There are many pros and cons with each type of commercial real estate investment asset class. Explore the highlights in the chart below.
Multi-Family vs Single Family
Lower purchase price, same rent.
Due to higher economies of scale, the ‘per door’ cost of an apartment unit is less than a single family home or condo, but can generate the same rental income.
For example, you can buy an apartment building for $90K–$100K per door that rents for $800 per month, or you can buy a condo worth $150K–200K that rents for a similar $800–$1,000 per month. This means you can have almost double the rent for the same amount of investment capital, assuming you have enough to buy the apartment building.
Less vacancy risk
Apartment vacancies are far easier to manage. If you own a rental property and your only tenant can’t pay their rent, you have a risk exposure of 100%, and you’re now paying all operating expenses (mortgage, taxes, etc). When you own an apartment building and tenant doesn’t pay their rent, the rest of your tenants still cover operating expenses. The chance of every tenant in the building failing to pay rent is almost zero.
Lower operating costs
Lower operating costs increase your cash-flow. Apartment buildings share electrical, plumbing, heating systems and more across all units, which reduces maintenance costs. The most obvious example would be that everyone shares one roof.
When you own an apartment building, professional third party management and on-site caretakers become a reality. All tasks (rent collection, maintenance, etc) are handled at one location for all tenants. If you own a single family home or condo, finding third party management can be nearly impossible as they can’t work efficiently enough to make an attractive profit.

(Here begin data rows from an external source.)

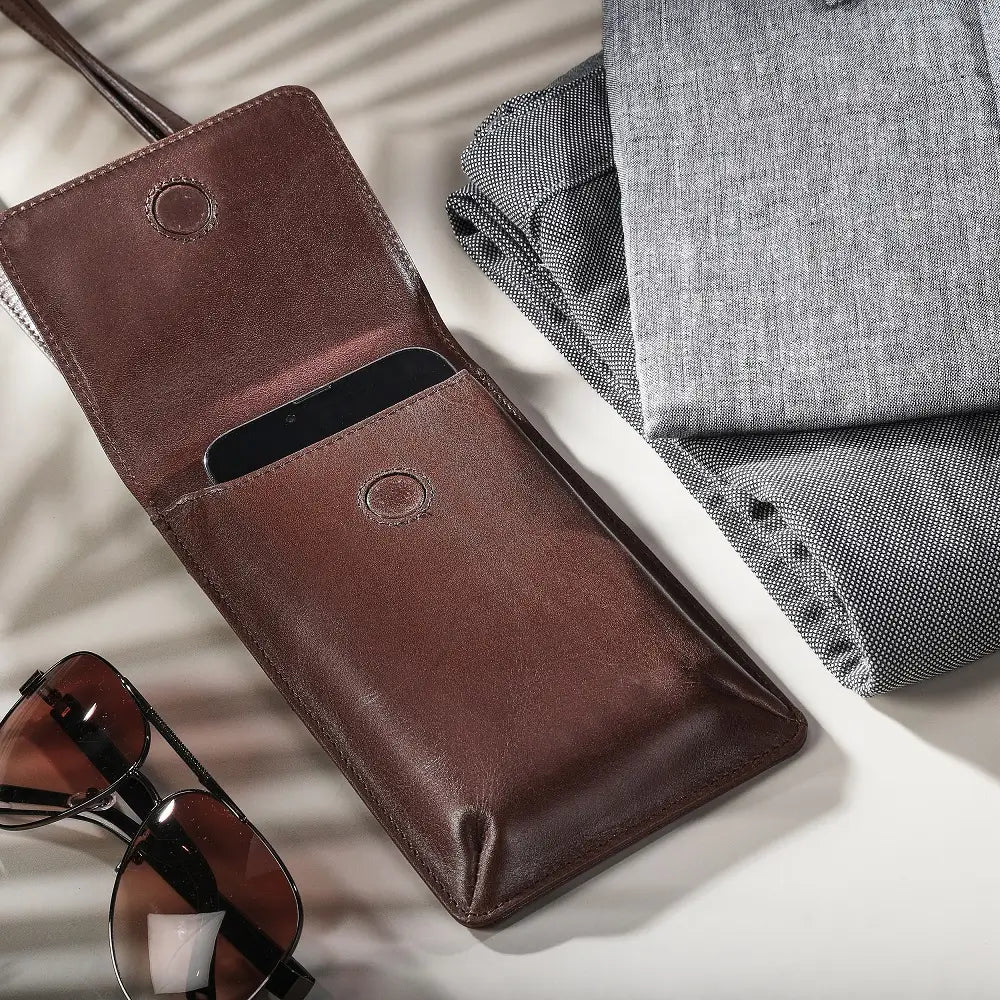 Cognac leather wallet with sunglasses and gray fabric on a light surface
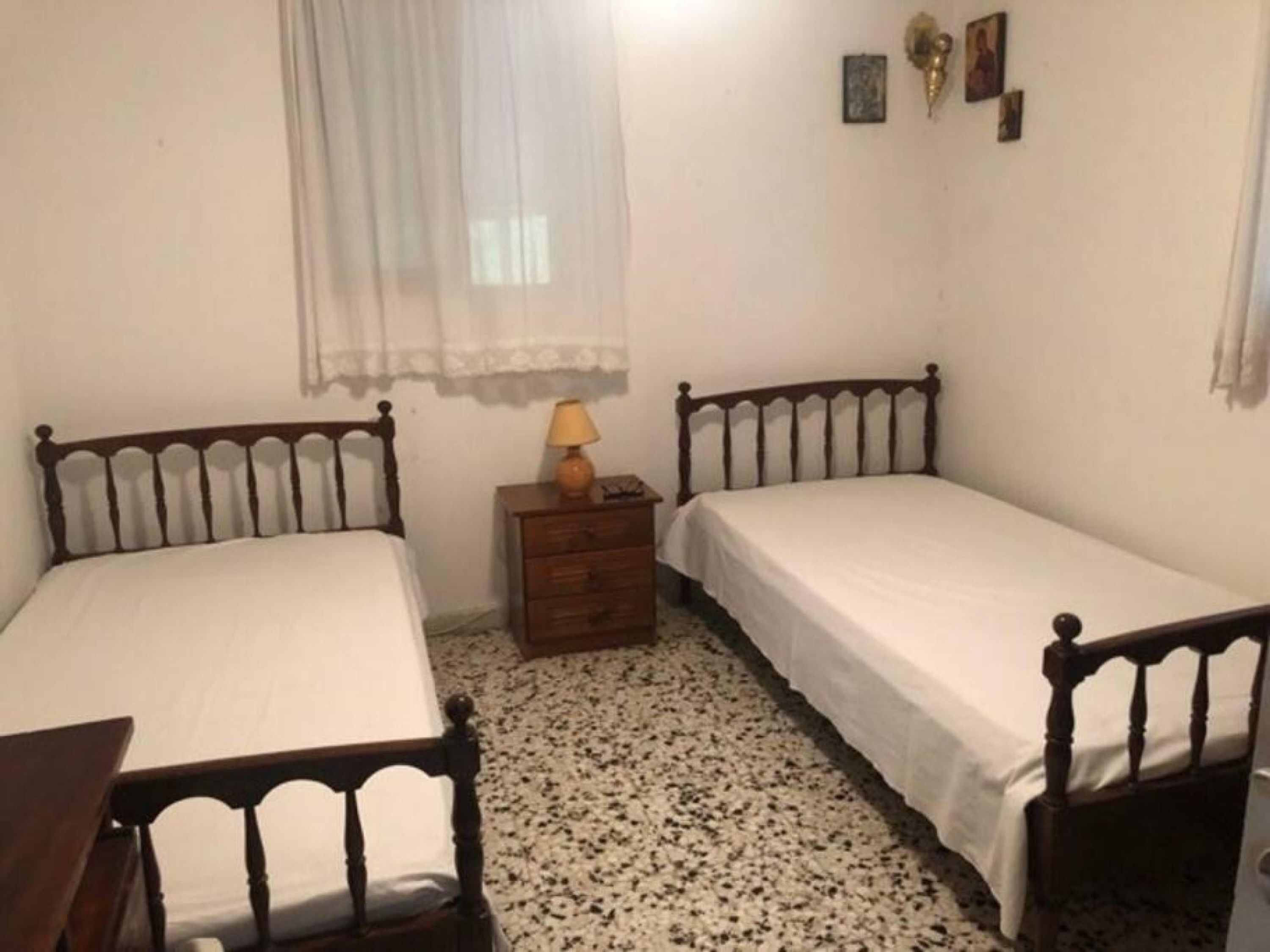 A small, simple room with two single beds, a wooden nightstand, a lamp, and a small dresser.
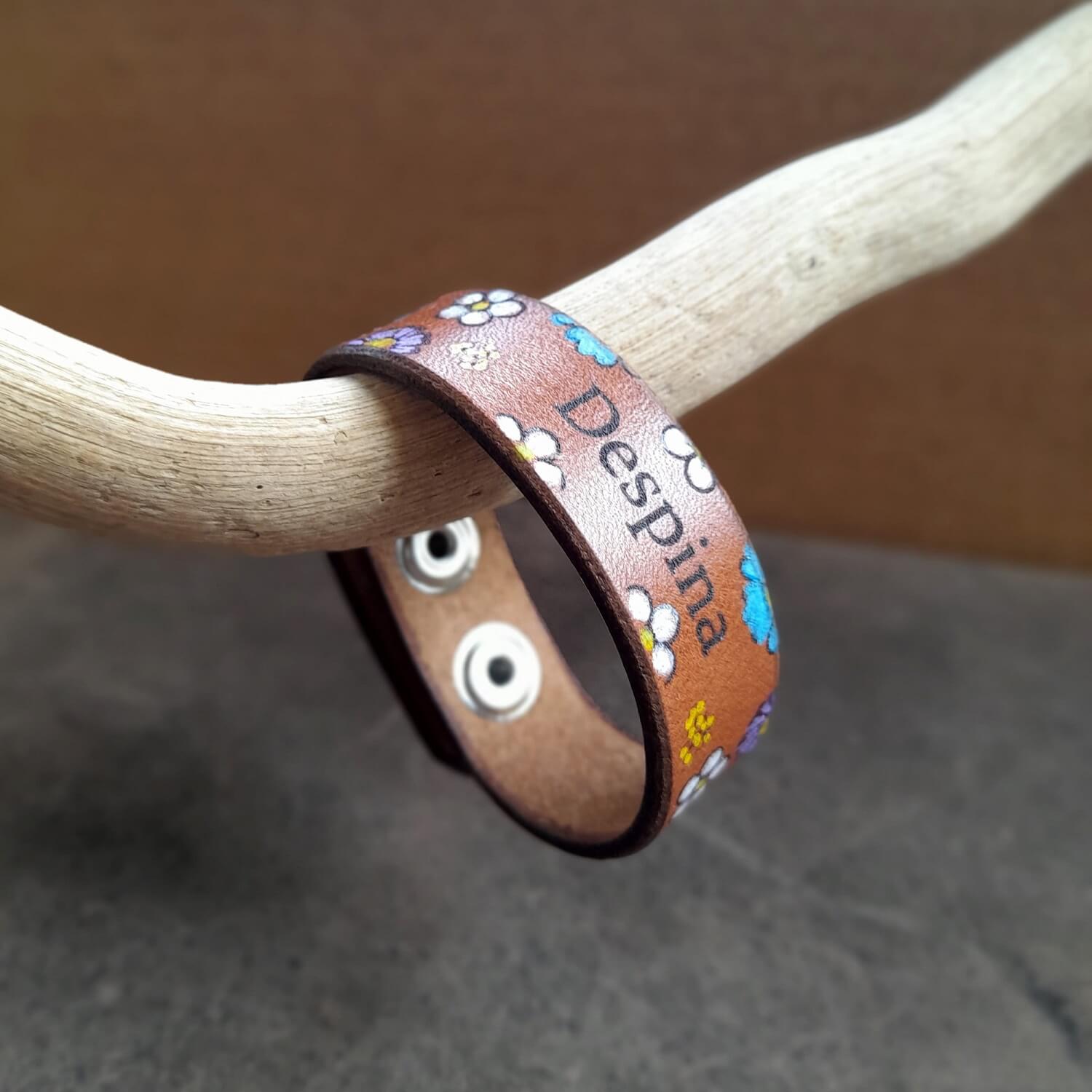 Brown leather bracelet with floral patterns and 'Despina' engraving on a wooden stick.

Banks see the stability in apartment buildings as well. That’s why all major banks and many lenders compete to lend money against apartment buildings in major markets. This competition drives down interest rates, and the bank’s spread, resulting in the best available commercial lending rates for all commercial asset classes; often close to home-owner rates. CMHC insured financing is also readily available, and used when the premium cost versus the rate discount savings makes sense, usually if longer than a four year term.
Building first, then the borrower. Lenders evaluate the existing and historical financial performance of an apartment building before the borrower. This allows for often easier qualification than what single family investors experience if they own more than a few properties.
Make The Monopoly Move
We have helped dozens of clients make the jump from single-family real estate investing to their first multi-family apartment building. It’s often easier to purchase a 10-15 unit apartment building than it is to purchase that 6th or more single family house or condo. Contact us today to discuss your next steps to success.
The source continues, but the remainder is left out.